Write each entry out again verbatim, pictures excluded.

** Data in this exercise follows **

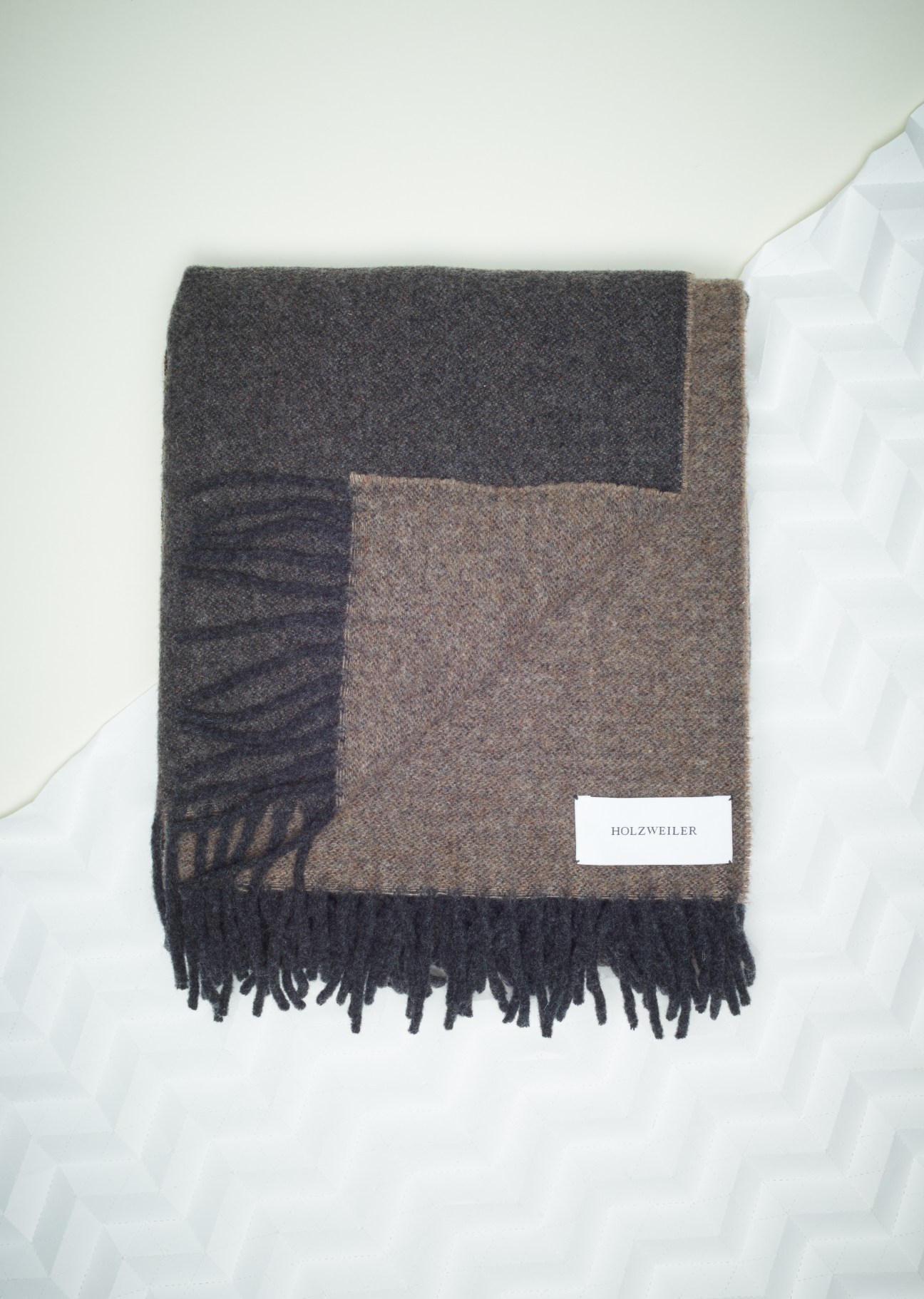 Holzweiler wool-cashmere scarf in charcoal and taupe with fringe, displayed flat on white fabric.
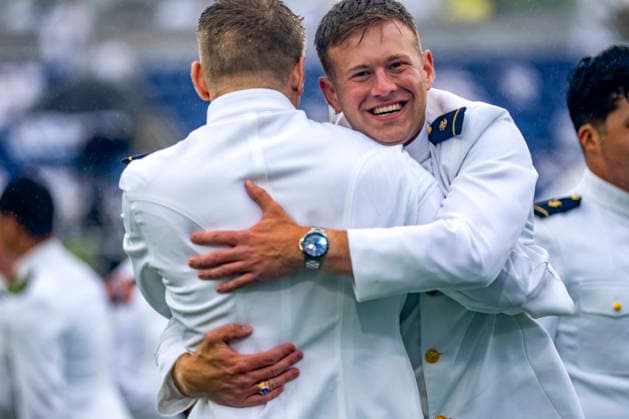 Midshipmen celebrate after receiving their diplomas during the U.S. Naval Academy Graduation and Commissioning Ceremony at the U.S. Naval Academy in Annapolis, Maryland on Friday, May 22, 2026. The Naval Academy has a total of 1059 graduates.  ANN20260522337 BONNIExCASH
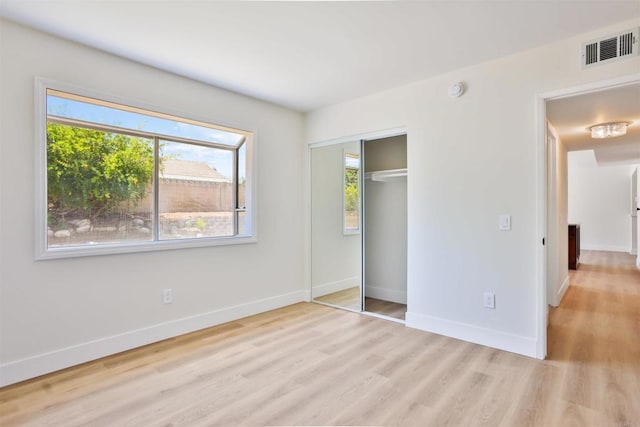 286 E Mission Rd, Corona, CA 92879 - unfurnished bedroom with light wood-type flooring and a closet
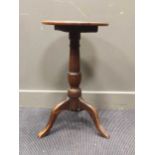 A small 19th century oak tripod table with circular top, 72 x 40cm, together with a nest of four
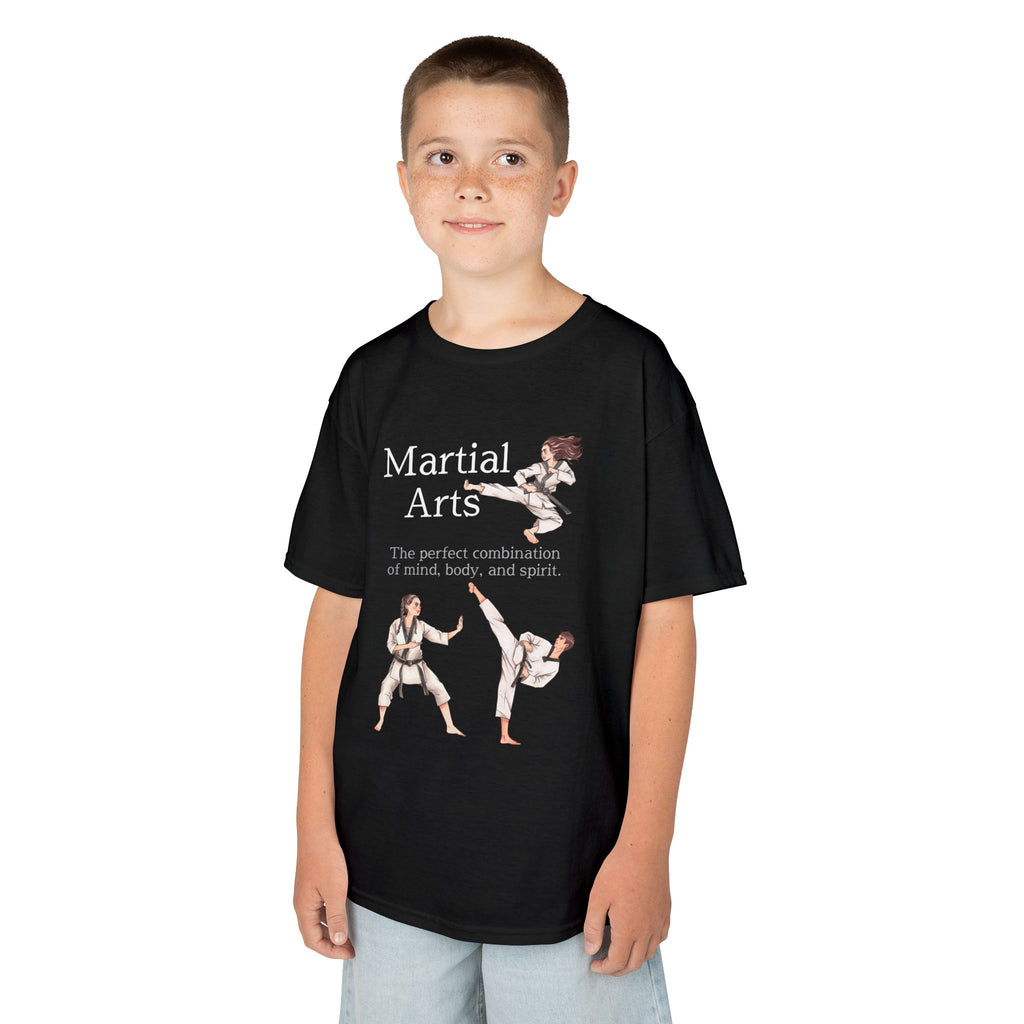 Young boy wearing a youth Gildan 5000B heavy cotton t-shirt in black with a Martial Arts text and graphic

** End of Data in this exercise **

### Exercise result
 Holzweiler wool-cashmere scarf in charcoal and taupe with fringe, displayed flat on white fabric.
 Midshipmen celebrate after receiving their diplomas during the U.S. Naval Academy Graduation and Commissioning Ceremony at the U.S. Naval Academy in Annapolis, Maryland on Friday, May 22, 2026. The Naval Academy has a total of 1059 graduates.  ANN20260522337 BONNIExCASH
 286 E Mission Rd, Corona, CA 92879 - unfurnished bedroom with light wood-type flooring and a closet
 A small 19th century oak tripod table with circular top, 72 x 40cm, together with a nest of four
 Young boy wearing a youth Gildan 5000B heavy cotton t-shirt in black with a Martial Arts text and graphic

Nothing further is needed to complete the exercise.